The weekly seminar series at the ACRPS continued on December 21, 2016 at which it hosted the Yemeni scholar and Qatar University academic Fuad Salahi. Salahi's talk was titled "The Dynamics of the Socio-Political Struggle in Yemen," and offered the research members of the Arab Center for Research and Policy Studies a chance to learn more about the popular revolution in Yemen, the objectives of the revolutionaries and the nature of the political forces behind it. Salahi's talk also took in the nature of regional and wider global actors who intervened in the internal politics of the Yemeni struggle.

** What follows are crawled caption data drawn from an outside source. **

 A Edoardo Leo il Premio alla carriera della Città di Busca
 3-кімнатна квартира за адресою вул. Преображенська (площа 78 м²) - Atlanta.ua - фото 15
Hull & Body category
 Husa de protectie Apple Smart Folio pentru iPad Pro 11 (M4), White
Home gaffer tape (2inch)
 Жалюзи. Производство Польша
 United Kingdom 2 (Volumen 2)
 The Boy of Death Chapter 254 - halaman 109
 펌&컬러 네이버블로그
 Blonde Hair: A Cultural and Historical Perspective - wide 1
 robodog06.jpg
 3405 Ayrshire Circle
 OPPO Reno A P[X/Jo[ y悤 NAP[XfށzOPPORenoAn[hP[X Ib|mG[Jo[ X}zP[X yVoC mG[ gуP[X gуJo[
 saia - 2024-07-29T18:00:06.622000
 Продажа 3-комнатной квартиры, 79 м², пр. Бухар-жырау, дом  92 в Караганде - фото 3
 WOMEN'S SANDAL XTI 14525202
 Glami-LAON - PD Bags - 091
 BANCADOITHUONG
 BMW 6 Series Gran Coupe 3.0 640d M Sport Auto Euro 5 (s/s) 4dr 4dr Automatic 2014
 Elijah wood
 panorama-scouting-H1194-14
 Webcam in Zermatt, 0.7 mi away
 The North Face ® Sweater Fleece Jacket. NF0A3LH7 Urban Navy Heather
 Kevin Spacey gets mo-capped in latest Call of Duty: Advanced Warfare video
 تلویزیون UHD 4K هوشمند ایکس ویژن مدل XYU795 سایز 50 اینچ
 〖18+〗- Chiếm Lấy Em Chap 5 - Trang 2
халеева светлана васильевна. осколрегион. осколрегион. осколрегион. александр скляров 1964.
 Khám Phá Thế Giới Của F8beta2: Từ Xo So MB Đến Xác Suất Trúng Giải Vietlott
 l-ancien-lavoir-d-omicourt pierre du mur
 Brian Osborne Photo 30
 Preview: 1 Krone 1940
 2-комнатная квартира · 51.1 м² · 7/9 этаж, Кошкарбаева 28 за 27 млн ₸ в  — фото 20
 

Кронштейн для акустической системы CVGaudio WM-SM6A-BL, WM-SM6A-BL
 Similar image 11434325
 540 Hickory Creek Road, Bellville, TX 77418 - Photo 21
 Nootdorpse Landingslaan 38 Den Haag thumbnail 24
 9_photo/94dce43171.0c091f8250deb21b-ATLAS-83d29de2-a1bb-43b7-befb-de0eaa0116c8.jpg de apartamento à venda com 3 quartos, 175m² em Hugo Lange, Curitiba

In Salahi's reading of history, the popular uprising of 2011 was the fifth revolution to convulse Yemen since the twentieth century. These rebellions, the speaker suggested, were driven by a multiplicity of class factors and carried out by a variety of popular resistance methods. What they all had in common, Salahi said, was their commitment to the creation of a single nation-state across a unified Yemeni territory and to the formation of a political order which represented the ambitions of all Yemenis.

 

 

Salahi's view is that the Yemeni youth, backed by a wide-ranging popular coalition including laborers, agrarian workers and the tribal poor, including the limited number of formal political parties active in the country, managed to take not only foreigners but also many within Yemen by surprise. This wide-ranging revolutionary movement, said Salahi, reflected increased consciousness among Yemenis regarding rampant corruption and of the ability of powerful elites to harness Yemen's resources for rapid enrichment.

 

 

Although it had yet to achieve all of its aims, Salahi believes that the "Yemeni Spring" was an important turning point for the people of the country, ushering in the birth of a new national spirit with "unbounded" potential, and committed to the achievement of national goals first enunciated in the 1930s. Today, says Salahi, the Yemeni public is an undeniable political force which cannot be ignored in the country's future.